WHAT THE TASK ASKS:
Starting at the top of the listing, extract every line up to and including the one with "Croatia Christmas Ugly". Pictures stay out of the copy.
SOURCE MATERIAL START
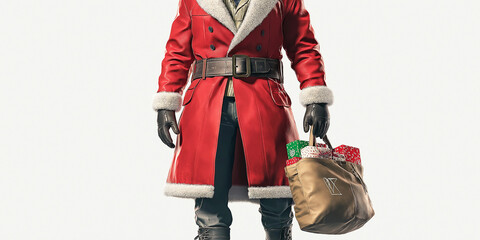 Strong santa holding a bag full of supplies, Christmas holiday season background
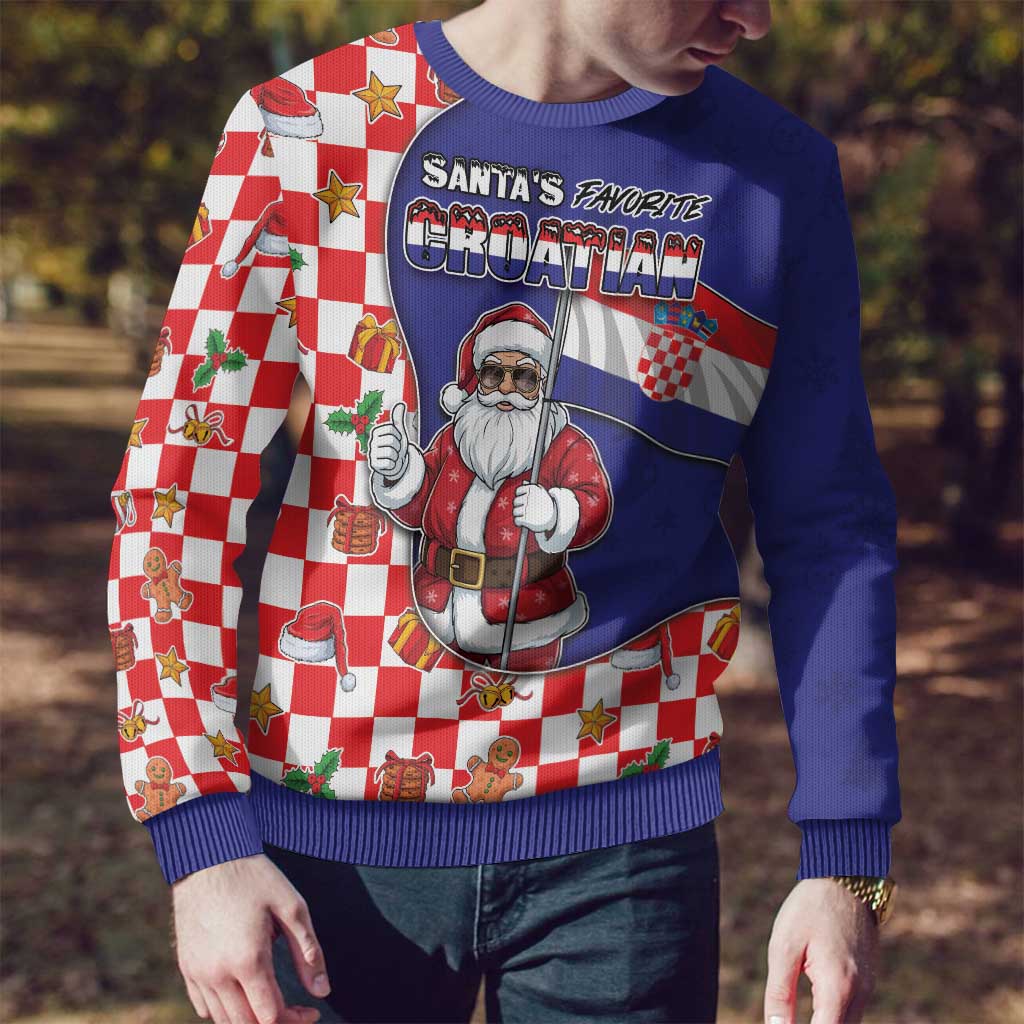 Croatia Christmas Ugly Christmas Sweater Santas Favorite Croatian - Wonder Print Shop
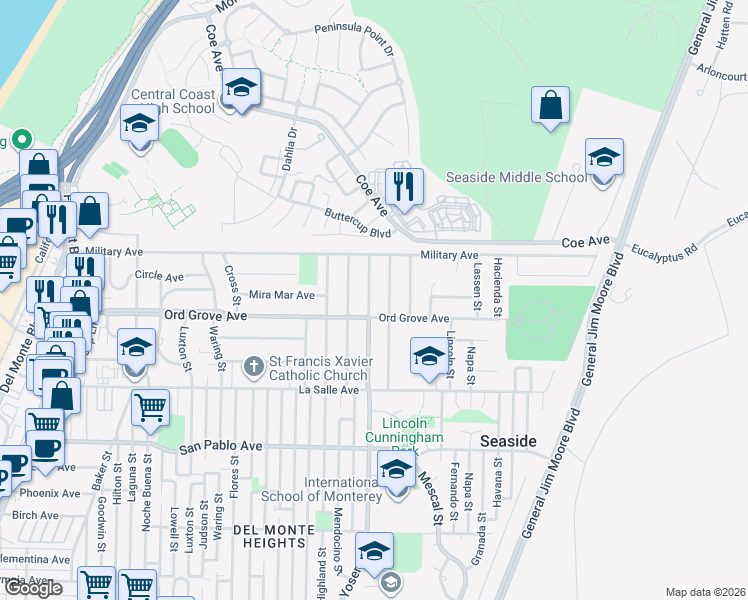 map of restaurants, bars, coffee shops, grocery stores, and more near 2015 Yosemite Street in Seaside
SOURCE MATERIAL END
RESULT OF THIS EXERCISE:
 Strong santa holding a bag full of supplies, Christmas holiday season background
 Croatia Christmas Ugly Christmas Sweater Santas Favorite Croatian - Wonder Print Shop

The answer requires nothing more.